Preben Thorø: For a moment, I was hoping that you would mention the GOTO conferences as one of those tools.

Dean Wampler: It's a really good point because things are moving so fast. It's really hard for most people to keep up with what's actually interesting or what actually is showing promise. I try to keep up with some of the research papers and it's just kind of hopeless for me. But, yeah, I think that the benefit of conferences like GOTO for me is that you can come together and not only learn what experts in your specialty are focused on, what they're figuring out but also to figure out what other people are doing.

And sometimes that sort of cross-pollination is hugely valuable. It's really tempting to just go to conferences that are narrowly focused on your specialty or interest. And they're good. I don't wanna denigrate them in any way but I often find that some sort of light bulb moment happens when I go to a talk that's completely outside my area of specialty and hear what people are thinking about in their context. So I think, to me, that's always been one of the great things about GOTO, the caliber of the sessions and the tracks in general, but also, the cross-pollination that's possible.

Preben Thorø: I think you're right. Now, this should not turn into a big commercial for the GOTO conferences that actually was meant as a joke, but I think you're right because like with everything else, you need to find the flavor and the way that works for your company and for your culture. So there's no one-size-fits-all here. One of the best things you can do is actually to hear what worked and what didn't for all organizations, for all the teams.

Dean Wampler: Yeah, and if I'm a data scientist, I need to learn more about how to manage projects. That's something that we've gotten very good at and software, well, at least in theory. If you're walking into most organizations, they still struggle. But that's the sort of thing now where you see this cross-pollination. Data scientists need to learn more about the engineering cultures that have been maturing, like DevOps, agile methods and similarly data scientists or data engineers need to understand data better than maybe they did 10, 20 years ago.


The way we teach software development

Preben Thorø: That's another point, the way we teach software development. As software engineers we should realize that they have a new persona that they should work. It's not just the customer, it's not just ops, it's not just whatever. Now, there's a new type of persona in the picture too.

Dean Wampler: And now you said that, it reminded me that software itself is evolving. Here's been a lot of interesting stuff said, and now starting to materialize, for actually using machine learning, to accelerate software development, like using GitHub's Codespace where it actually will suggest code for you, which hopefully will go beyond just cut and paste patterns.

So I think it really is true that you can't just sit still. If you're gonna get the most productivity out of your organization as a whole, you really have to understand where other people are and what their problems are, and how the world is changing and what matters to you, like data becoming even more important than it was in the past.


GitHub Codespaces

Preben Thorø: Yeah. Which by the way, Github's new initiative is definitely fascinating, but it is a little bit scary too, isn't it?
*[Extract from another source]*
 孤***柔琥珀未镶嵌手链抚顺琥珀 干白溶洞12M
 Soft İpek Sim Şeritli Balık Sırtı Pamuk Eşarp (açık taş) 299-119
Dean Wampler: Right, it's almost like Stack Overflow being automated. You know, the old joke that we just spend our days Googling stuff on Stack Overflow? And even the way we learn has changed a lot. I remember times in the way past, like pre-internet actually, when I would very carefully record information, like I found this algorithm or I'd buy all these books, and now it's much easier to find things when you have questions like, how do I do something? But you also have to be a savvy consumer because there's so much, as in life in general, useful and not useful information out there.

Preben Thorø: That's amazing. Let's pick it up at some, hopefully, soon in-person conference somewhere. Thanks a lot for joining me today. Thank you.

Dean Wampler: Oh, it's my pleasure. Good talking with you today.